Ruth Stout's words rank first in "lazy gardening" methods out there. She encourages us to let nature take its course and break down the debris for us.
For those of us with Home Owner's Associations and neighbors whom we need to get along with, her advice, however, may not be an option. So we offer an alternative to Ruth Stout's fall garden maintenance in 6 easy steps:
Fall Garden Cleanup
Bring Plants Indoors
Care for Pots and Tools
Amend the Soil
"It is October, and I trust your garden looks terrible,
with dead vines, corn stalks, clumsy cabbage roots - refuse - all over it.
And I do hope you will leave everything there, and add the kitchen garbage to it through the winter."
Ruth Stout, “Gardening Without Work: For the Aging, Busy and the Indolent.”
1. Fall Garden Cleanup
Fall Garden leaves
Fall is an excellent time to "chop and drop" our overgrown (preferably, non-diseased plants) on our garden beds. Chopping them allows these twigs and leaves to decompose faster and acts as a mulch layer to feed the soil bed.

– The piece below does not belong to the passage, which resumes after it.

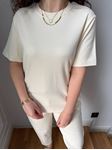 CS Ekru Bisiklet Yaka Basic T-Shirt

Rake (or have your children rake) the fallen leaves in your yard (and your neighbors' yards as well) to create the main ingredients for a good compost pile. You may choose to add the leaves directly to your soil but note that they might blow off if not tamped down or run through a wood chipper or leaf shredder first.
If you can, chopping these leaves up into even finer pieces will allow them to incorporate faster into the soil and decompose within a few weeks. Decomposition, in this case, will take about three months in a rainy climate (40 inches/year or more) and will vary depending on the amount of rainfall in your area.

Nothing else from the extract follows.